A menção a eventos críticos exemplifica o impacto direto e, muitas vezes, irreversível, da ação humana no ambiente. Portanto, surge a necessidade iminente de uma resposta coletiva global, na forma de normativas e cooperação internacional, visando assegurar a proteção do nosso planeta para as gerações futuras.
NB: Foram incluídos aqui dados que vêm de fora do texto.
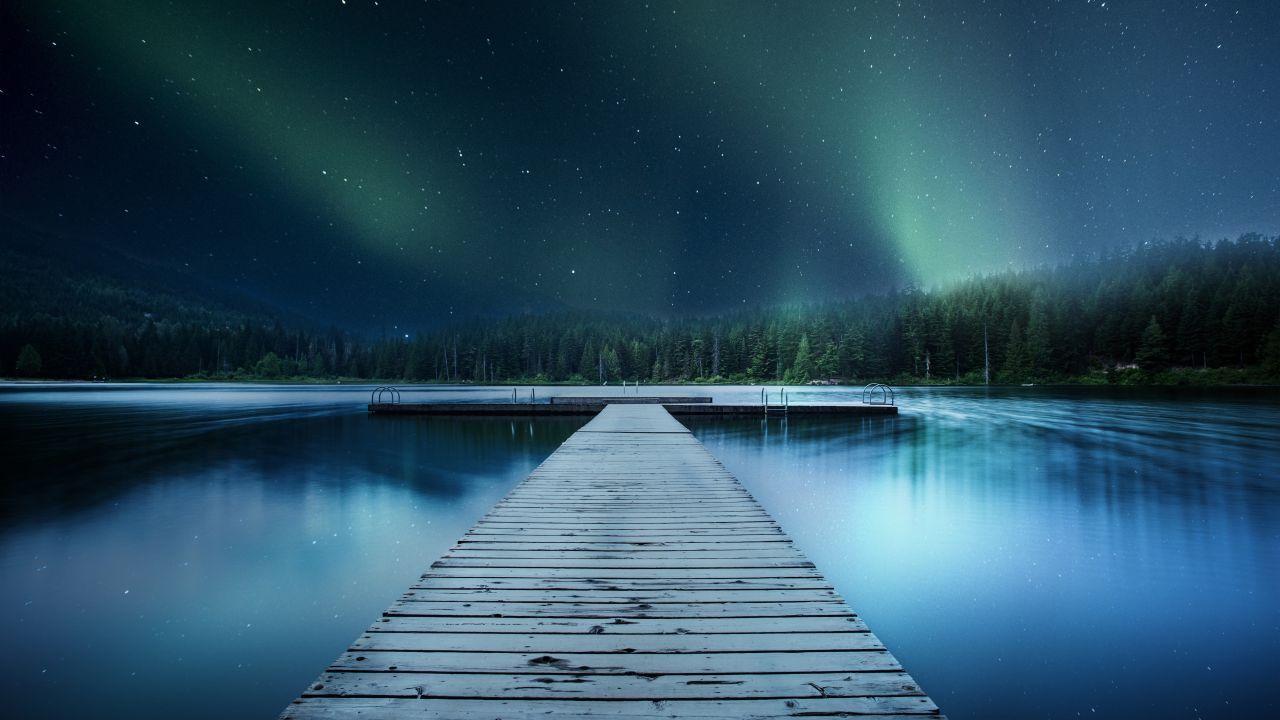 1280x720 Wallpaper Dock, Pier, Landscape, Northern Lights, Aurora, Lake, Forest, Evening, 4K, Nature / Editor's Picks,. Wallpaper for iPhone, Android, Mobile and Desktop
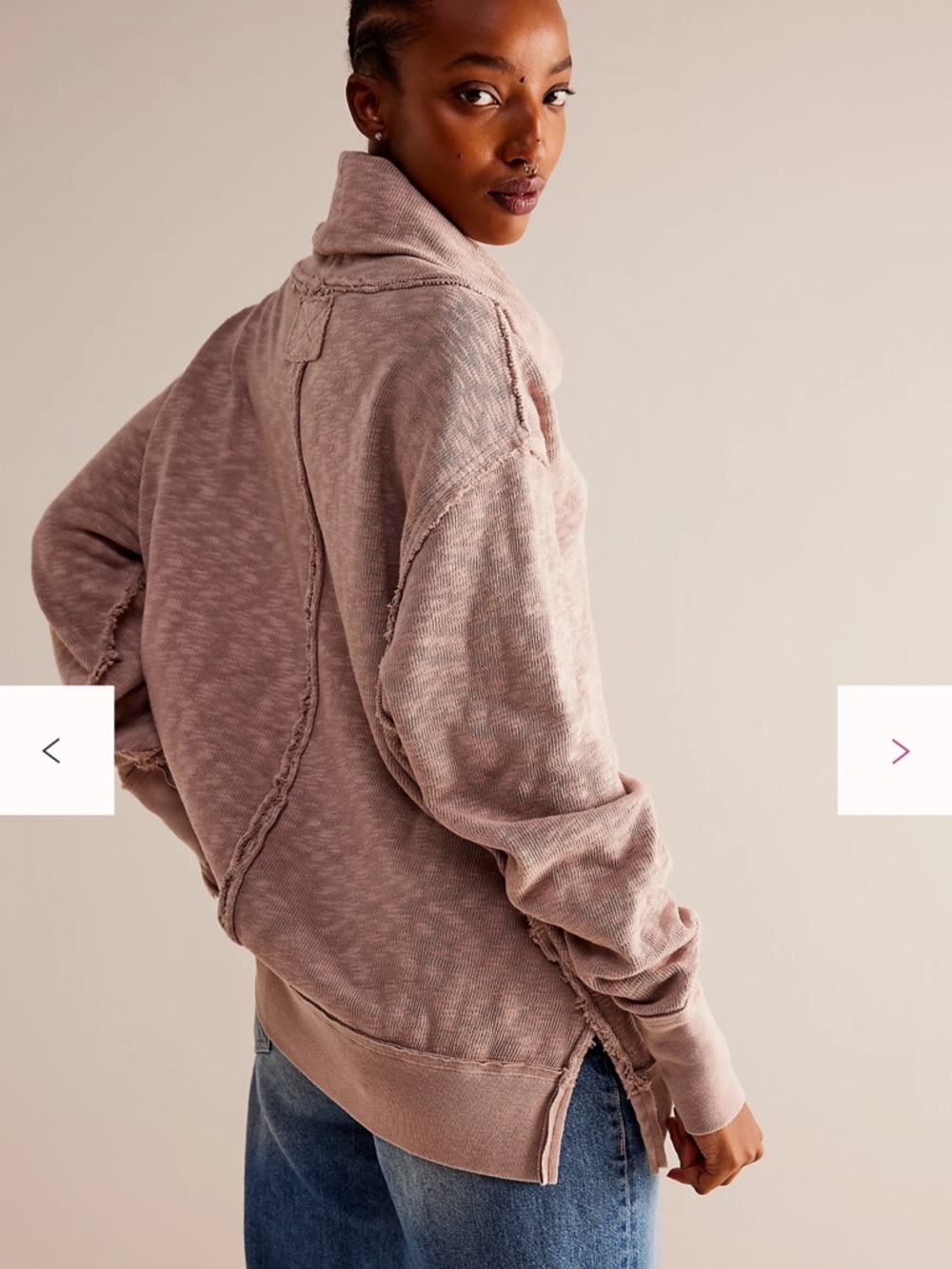WE THE FREE TIMMY TURTLENECK SWEATSHIRT OVERSIZED MEDIUM MAUVE PURPLE - Picture 2 of 11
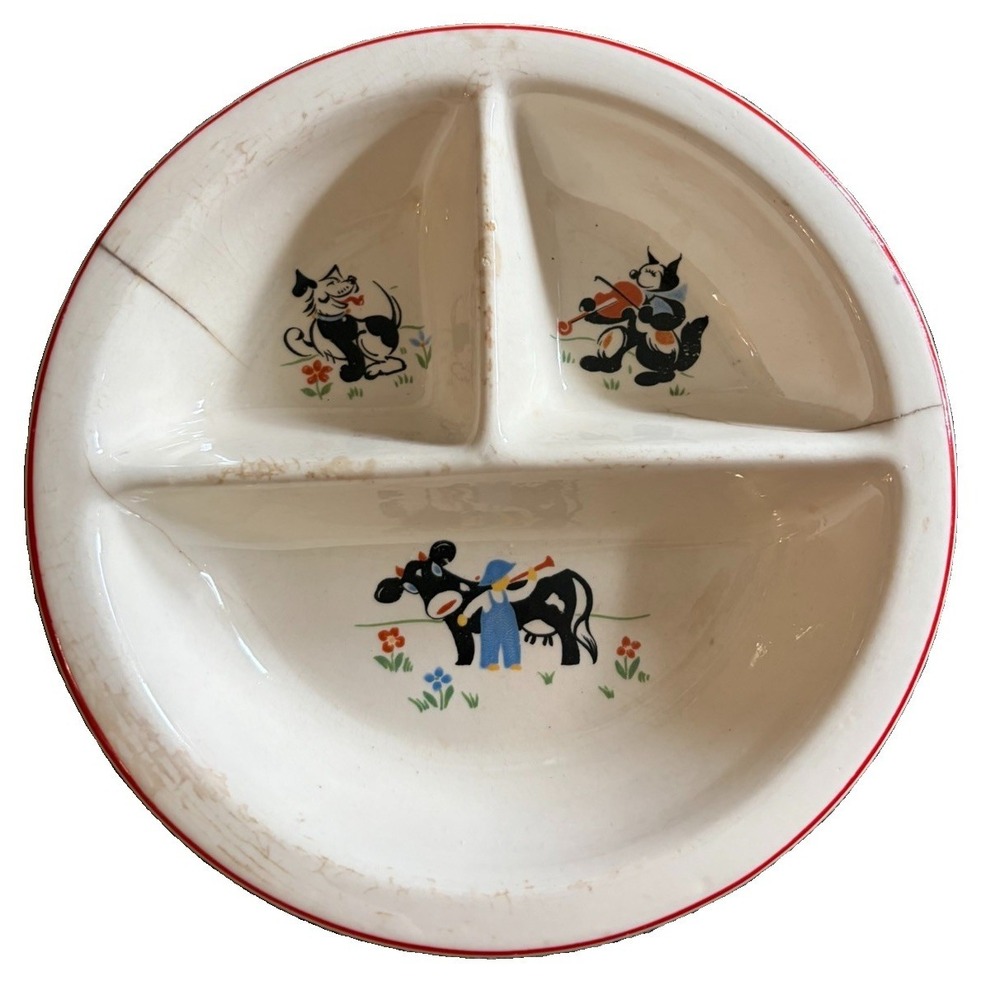 Vtg Salem China Divided Child's Divided Plate Dog Cat Cow Farm Scene Red Rim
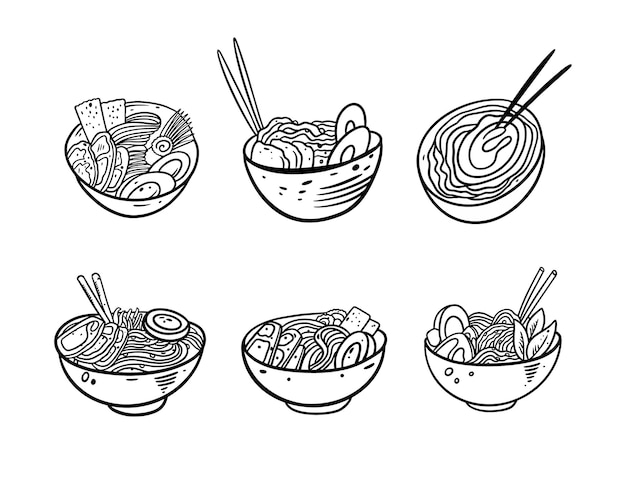 Asia Noodle W Głębokiej Misce Ilustracji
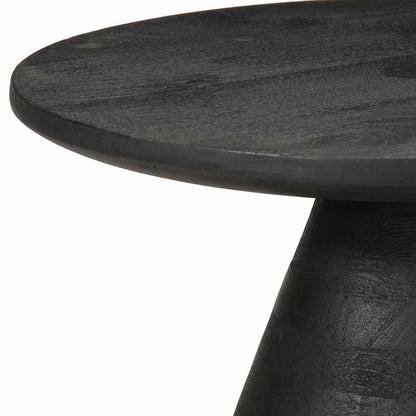 Beistelltisch Schwarz Ø50x40 cm Massivholz Mango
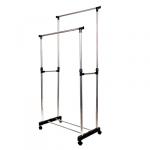 VETTA Вешалка напольная двойная,  телескоп.,  на колесах,  металл,  пластик,  80x42x80(160) см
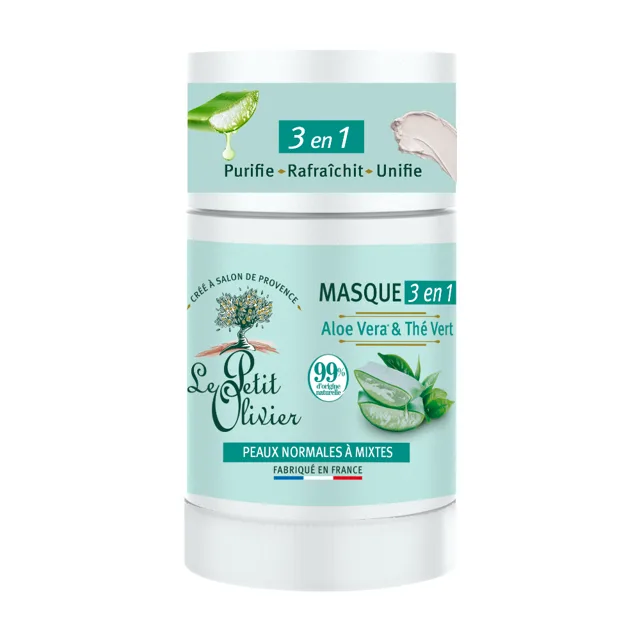 Le Petit Olivier Pleťová maska v tyčince 3v1 Aloe vera a zelený čaj 50 g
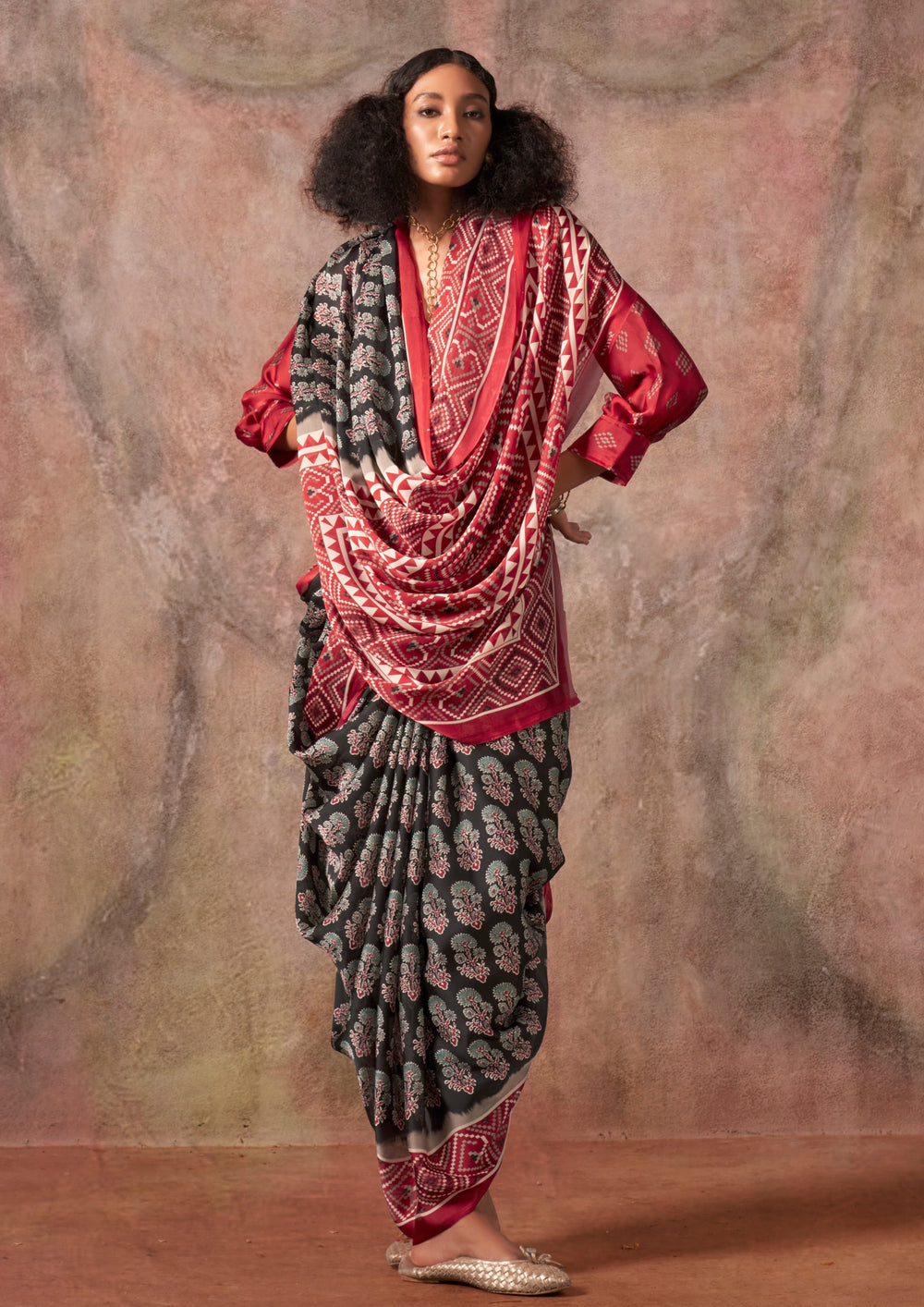 Maroon Raisins Ajrakh Printed Satin Georgette Silk Saree 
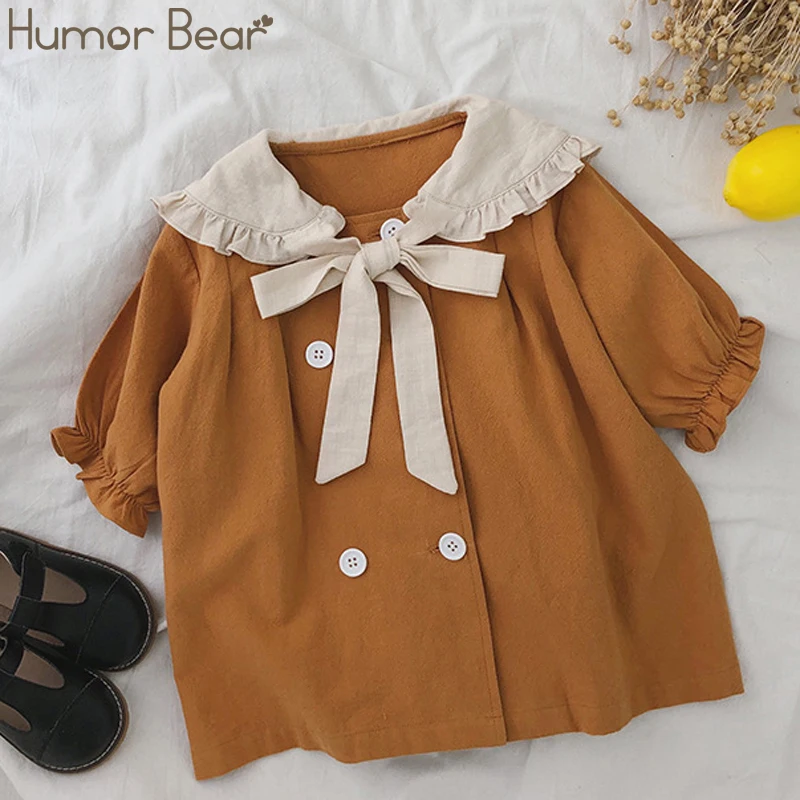 Humor Bear Kids Dresses For Girls Spring Autumn New Doll Large Lapel Double-Breasted Princess Dress Baby Girls Dress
Antropocentrismo x Biocentrismo
Pádua (2004) discute as consequências devastadoras da exploração insustentável dos recursos naturais, particularmente no contexto brasileiro. O autor aponta para uma tendência preocupante de negligência para com os ecossistemas nativos, enquanto monoculturas exóticas avançam de maneira desregrada. Ele salienta que o custo desta abordagem tem sido exorbitante, se medido em termos de danos ecológicos e a insustentabilidade dos sistemas econômicos que a promovem. Nesse sentido, Pádua argumenta que o preço que está se pagando por esta modalidade de ocupação do território ultrapassa em muito os ganhos de curto prazo que ela possa proporcionar [1].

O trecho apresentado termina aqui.